» **Exercise brief**:
Transcribe the entries below word for word, beginning at the line with "Firetrap Stripe Knitted Sweater - Navy" and stopping after the line with "ANPAS（アンパス）の「Flower Total Pattern"; drop all pictures.

──────── Entries supplied ────────

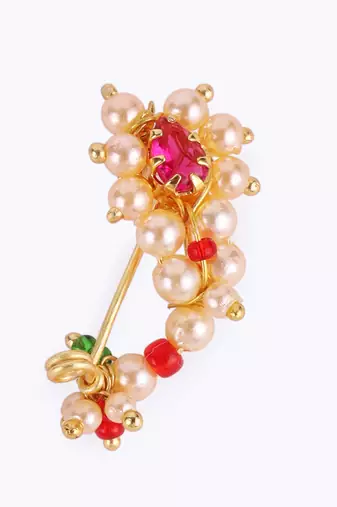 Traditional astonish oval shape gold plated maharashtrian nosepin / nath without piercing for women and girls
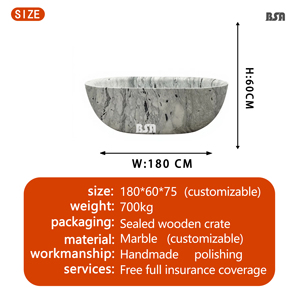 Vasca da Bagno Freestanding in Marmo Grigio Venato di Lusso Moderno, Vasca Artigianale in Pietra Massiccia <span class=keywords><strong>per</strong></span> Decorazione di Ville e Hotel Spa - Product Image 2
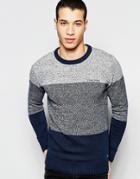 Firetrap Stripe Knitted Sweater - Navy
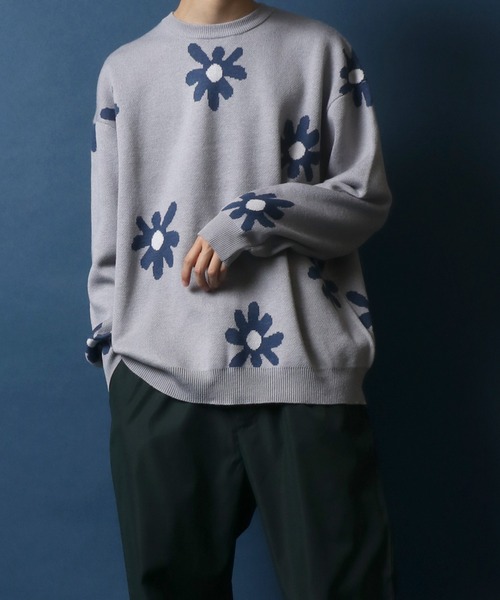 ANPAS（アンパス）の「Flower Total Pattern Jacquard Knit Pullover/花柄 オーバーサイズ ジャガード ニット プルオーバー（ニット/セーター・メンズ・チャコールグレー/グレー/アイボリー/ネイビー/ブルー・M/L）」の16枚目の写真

────────
──────── Entries supplied ────────

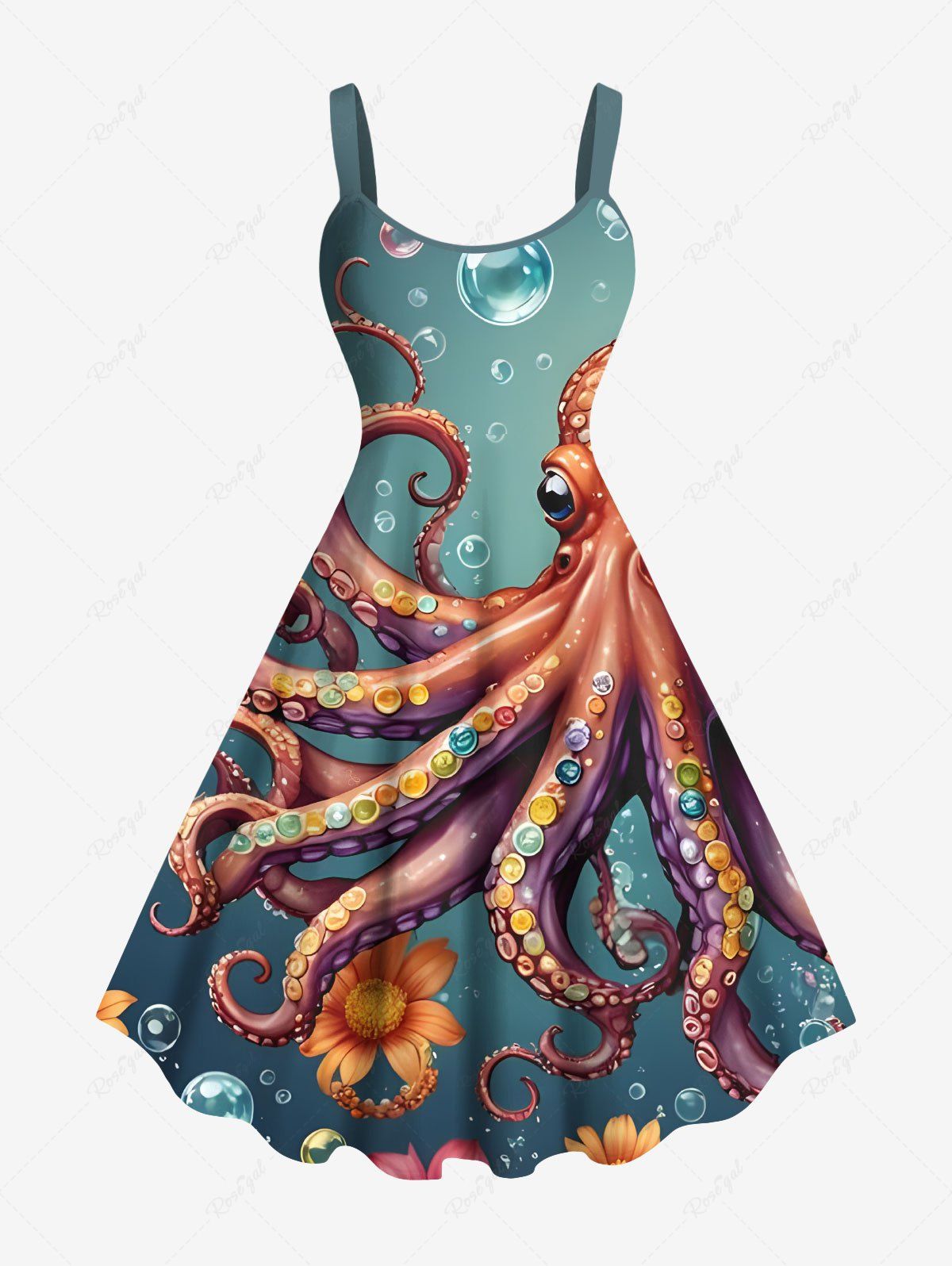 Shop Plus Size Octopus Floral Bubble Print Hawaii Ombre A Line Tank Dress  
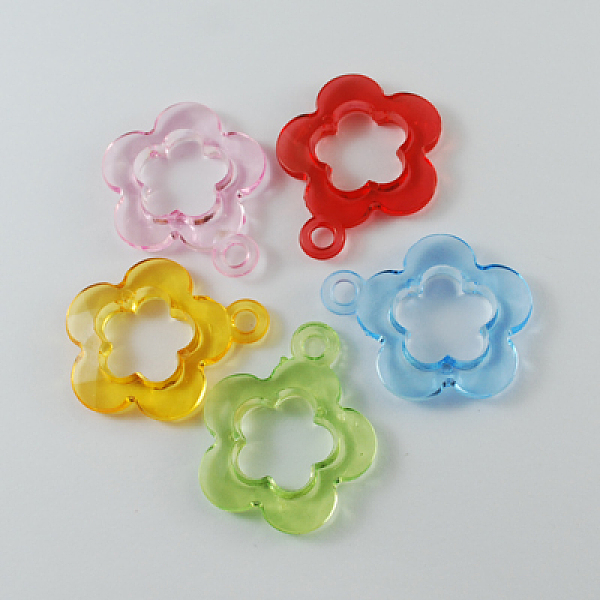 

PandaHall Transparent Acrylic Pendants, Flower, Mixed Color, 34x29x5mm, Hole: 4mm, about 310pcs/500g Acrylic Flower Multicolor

────────

» **Answer box**:
 Firetrap Stripe Knitted Sweater - Navy
 ANPAS（アンパス）の「Flower Total Pattern Jacquard Knit Pullover/花柄 オーバーサイズ ジャガード ニット プルオーバー（ニット/セーター・メンズ・チャコールグレー/グレー/アイボリー/ネイビー/ブルー・M/L）」の16枚目の写真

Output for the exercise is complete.